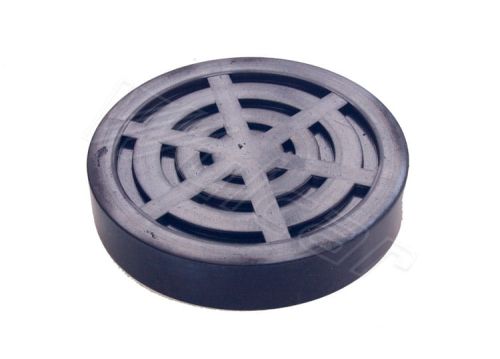 Nakładka guma podn. kol.130x110x26 (43) || WULCAR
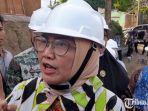 cegah-polemik-persaingan-Pertashop-dengan-penjual-bensin-eceran-di-Lumajang.jpg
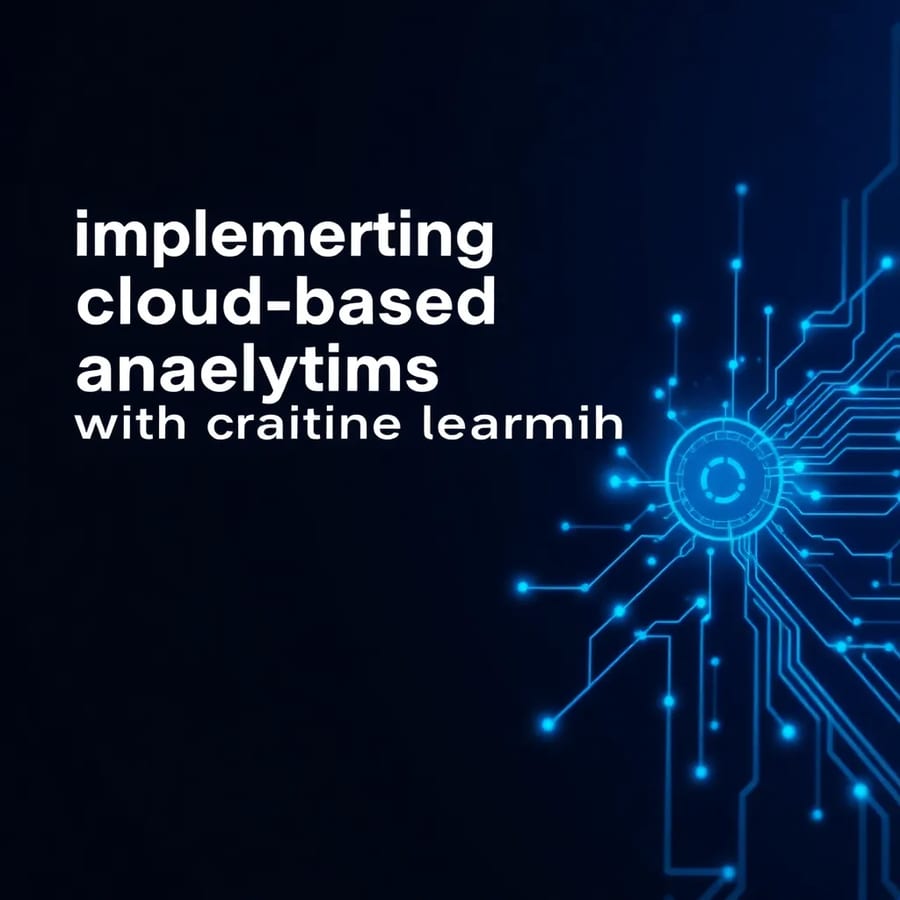 Real-World Applications and Case Studies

▶ Problem
Only the pictures are to be dropped; the rest of the material above must be duplicated exactly.

▶ Worked solution
 Nakładka guma podn. kol.130x110x26 (43) || WULCAR
 cegah-polemik-persaingan-Pertashop-dengan-penjual-bensin-eceran-di-Lumajang.jpg
 Real-World Applications and Case Studies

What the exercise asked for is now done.